Trump defends decision to abandon Kurdish allies in Syria

President Donald Trump shakes hands with Chairman of the Joint Chiefs of Staff Gen. Mark Milley during a briefing with senior military leaders in the Cabinet Room at the White House in Washington, Monday, Oct. 7, 2019. (AP Photo/Carolyn Kaster)

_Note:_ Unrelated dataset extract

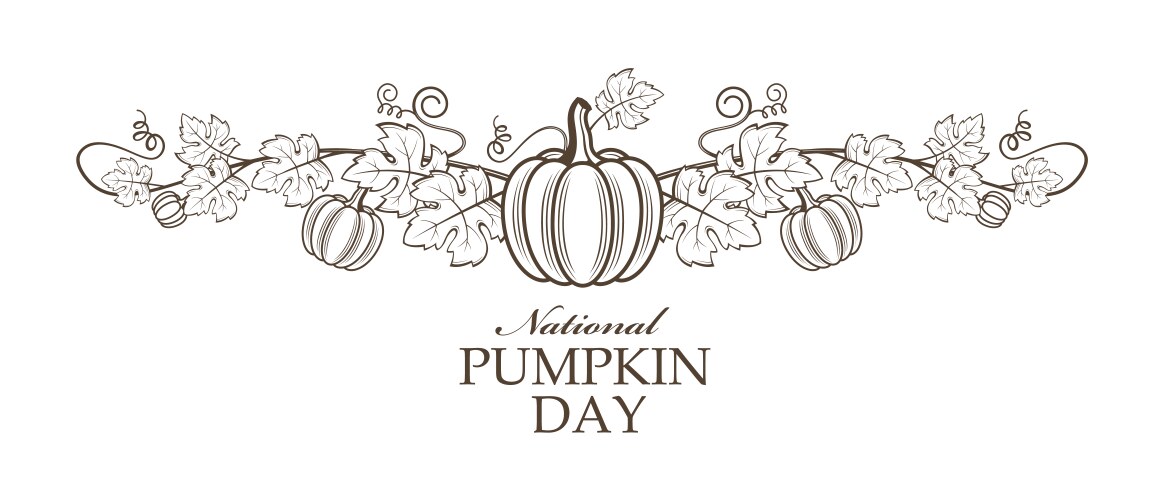 Autumn leaves and pumpkins fall thanksgivin Vector Image
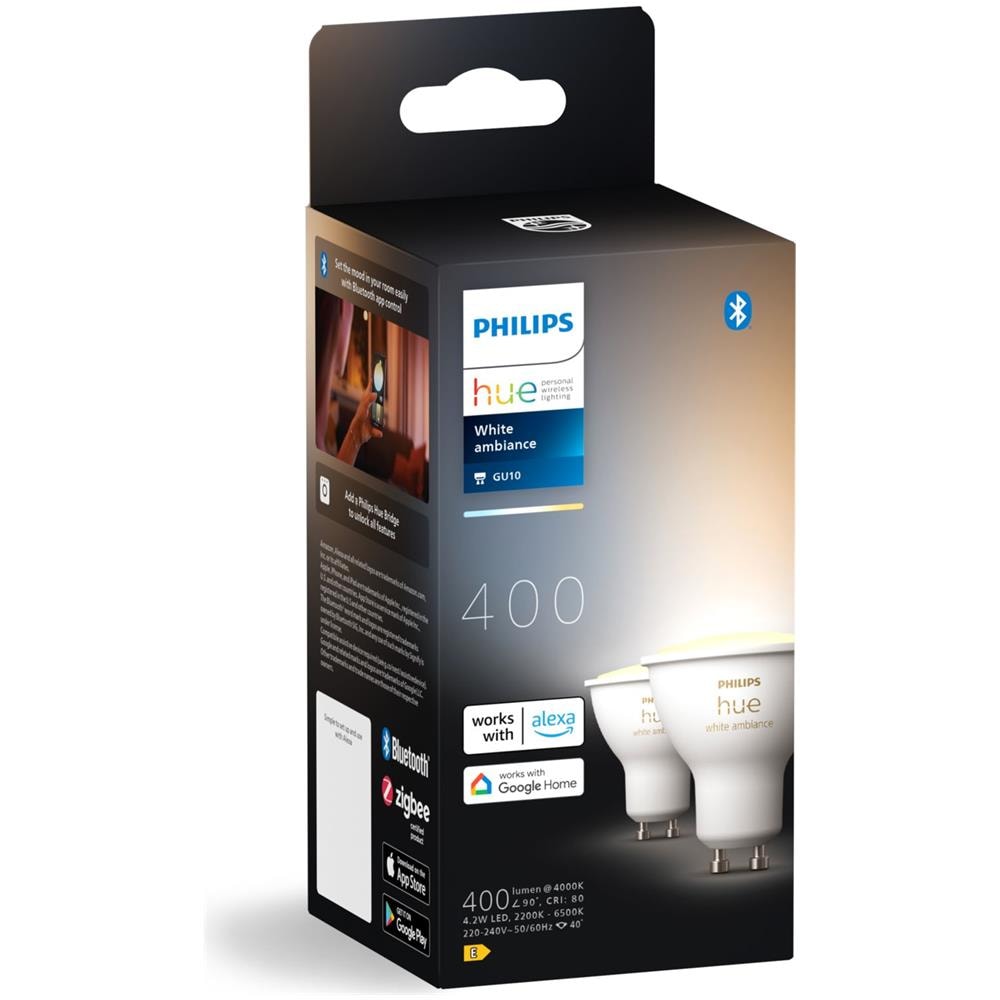 Hue White Ambiance GU10 - Faretto Connesso - (Confezione Da 2) - Foto 3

FILE — In this April, 29, 2017 file image taken from video, shows Kurdish fighters of the People’s Protection Units (YPG) standing guard as U.S. forces take up positions in the northern village of Darbasiyah, Syria. Syria’s Kurds have been America’s partner in fighting the Islamic State group for nearly four years. Now they are furious over an abrupt U.S. troop pull-back that exposes them to a threatened attack by their nemesis, Turkey. The surprise U.S. pull-back from positions near the Turkish border, which began Monday, Oct. 7, 2019, stung even more because the Kurds have been abandoned before by the U.S. and other international allies on whose support they’d pinned their aspirations. (AP Photo, File)

WASHINGTON — President Donald Trump on Monday cast his decision to abandon Kurdish fighters in Syria as fulfilling a campaign promise to withdraw from “endless war” in the Middle East, even as Republican critics and others said he was sacrificing a U.S. ally and undermining American credibility.